Anglesey, the island off the north-west coast of Wales, was once the centre of the Druid religion, which the Romans were at pains to exterminate. In the 13th century it was strategically important in Edward I’s conquest of Wales: not only did it control access by sea to the whole Snowdon massif, but as a comparatively flat area it provided the best farmland in north Wales.
Edward seized the island in 1267, in his war against the Welsh prince Llywelyn ap Gruffudd, only to return it to Llywelyn in a peace treaty a few months later. In 1272 Llywelyn was killed in battle and his brother Dafydd was captured and executed the next year. After more revolts in 1294-5 Edward was determined on a permanent subjugation of Wales.

Anglesey was taken by amphibious assault in spring 1295. A town called Llanfaes in the most easterly part of the island, commanding the entrance to the Menai straits between Anglesey and the mainland, was destroyed and its inhabitants resettled in Newborough. In the hope of attracting new settlers, the place, which was low-lying, was renamed “the beautiful marsh” – “Beaumaris” in Norman French, which was still the language of the court. (Compare the Marais district of Paris).
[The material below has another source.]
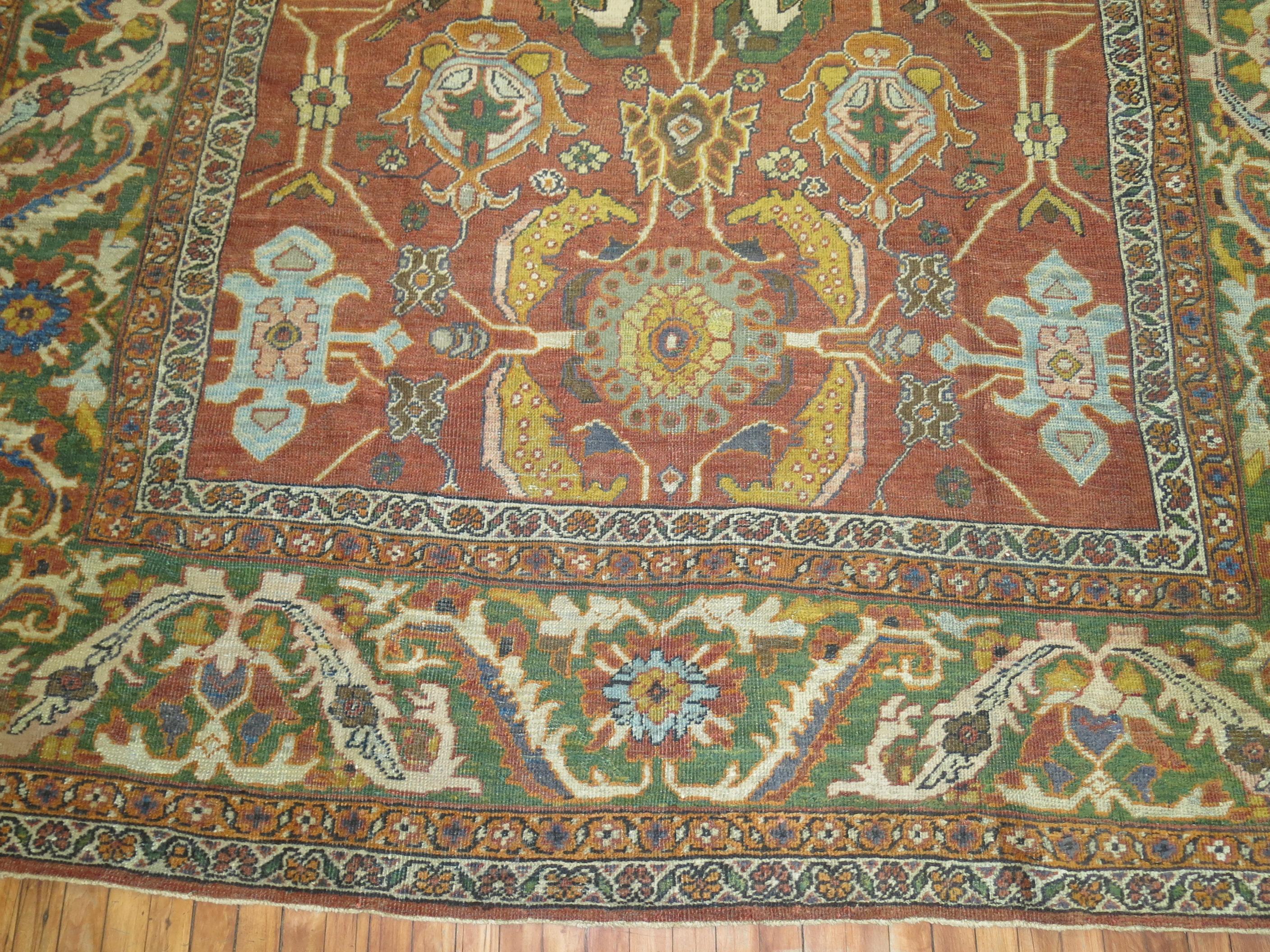Antique Persian Mahal Sultanabad Rug For Sale 5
Here Edward’s master-builder, James of St. George, was instructed to build a castle.
Since the site was completely flat, with no natural defensive features, Master James designed a classic concentric castle, square in shape, with a moat supplied from the sea, a gatehouse and inner and outer baileys separated by a massive inner wall.

The castle looks as if it was intended for comfortable living as much as for defence. Certainly it was never finished, and was never attacked. The town of Beaumaris lies outside the gatehouse: a peaceful little coastal resort, with fine views across the narrow straits to the looming mass of Snowdon.